文|程亚婷
作为德国产学研界倡导的愿景,工业4.0正在改变着全世界的工业发展进程。
2013年,德国成立了“工业4.0”工作组,并于同年4月在汉诺威工业博览会上发布了最终报告《保障德国制造业的未来:关于实施“工业4.0”战略的建议》。这份报告认为下一代工业革命是信息物联网和服务互联网与制造业的融合创新。报告指出,“工业4.0”会将智能技术和网络投入到工业应用中,从而进一步巩固德国在生产制造设备供应和IT业务解决方案供应领域的领先地位。

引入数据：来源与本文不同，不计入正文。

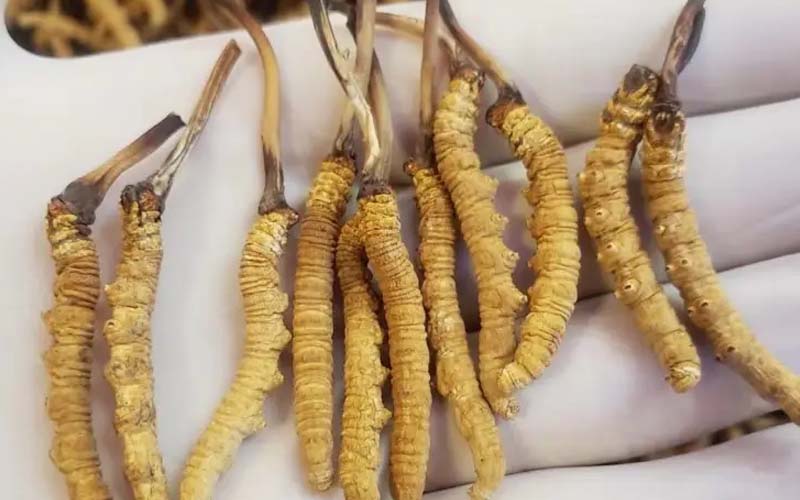 吃冬蟲(chóng)夏草會(huì)過(guò)敏嗎？冬蟲(chóng)夏草禁忌！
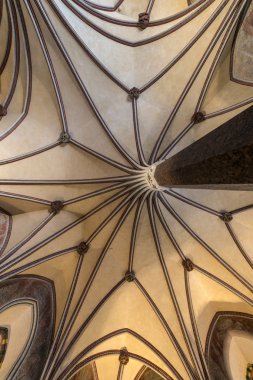 Gotik kasada: malbork castle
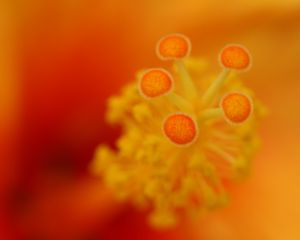 Preview wallpaper flower, stamens, macro, closeup, orange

无独有偶。大洋彼岸的美国早在2005年末2006年初对信息物联网和服务互联网与制造业的融合作出综合性的概括,称之为虚拟网络—实体物理系统(CPS)。面对制造业的未来发展,美国与德国虽然提出的概念不同,“工业4.0”与CPS在本质上异曲同工。
美国辛辛那提大学的李杰教授(Jay Lee)用6Cs概括工业4.0的特征:
1.Connection——网络和感应器联系一切;
2.Cloud——按需运营的云端数据;
3.Cyber——分析、预测、情境决策模型调控;
4.Content——有意义的事件信息和相关性信息;
5.Community——社会和工业生产社区;
6.Customization——个性定制生产。
如果分别选取一个核心关键词来概括人类历史上的前三次工业革命,它们是“降低成本”“稳定质量”和“快速反应”。工业4.0的核心关键词是“智能互联”,更加注重建立一个能够自我测试、比较、分析、监控、预测、修复和保养的“自组织”工业乌托邦。
作为世界工厂的中国,却是在2014年10月李克强总理访德,宣布两国将开展“工业4.0”合作后迅速成为中国产学研界的第一热词,举国上下一方面普及探究何为“工业4.0”,一方面思考辩论中国制造的未来路径。
“对照德国的愿景,中国在精心谋划4.0的时候还须着力打造工业3.0,甚至不得不去补2.0的欠账,这是中国的国情。”工信部原部长李毅中的描述真实而无可回避,这正是中国要追逐工业4.0必须面对的现实情境。
相较于有着百年的制造业积淀和经验传承的欧美国家,中国制造大多处于2.0阶段。海尔集团董事局主席张瑞敏认为海尔仍处于2.0阶段。从2.0到实现4.0,将会是极大的挑战。那么,囿于中国国情,最适合中国的工业4.0形态究竟是什么?谁又会成为这场变革大潮的领头羊?如何理性看待工业4.0时代作为劳动者的“人”的角色?
这场关于工业4.0的深入反复讨论,既是自上而下的,同时也是自下而上的——作为市场中最活跃的因子,大小不一的企业们纷纷寻找属于自己的工业4.0之路。本刊走访了通用电气、宝钢集团、沪东船厂以及名不见经传的初创企业明匠,试图还原它们各自切入工业4.0的路径以及在进程中的思考。
事实上,工业4.0绝非技术层面的革新,更是关乎全球制造业话语权的争夺,关乎工业意识形态的竞争。工业4.0是工业标准体系在信息技术的催化下自我完善和发展的必然产出。信息技术和互联网技术只是“术”,工业的“产业逻辑”“行业的体系和标准”才是核心。
复旦大学EMBA特聘教授鲍勇剑在此方面有他深入独特的思考——《工业4.0管理新视野》。
去繁存真,如果工业4.0的讨论能重新唤起中国社会对于工业效率的关注,专注于制造业系统能力的提升,同时基于中国工业4.0的实践进化升级中国的管理思想,实乃幸事。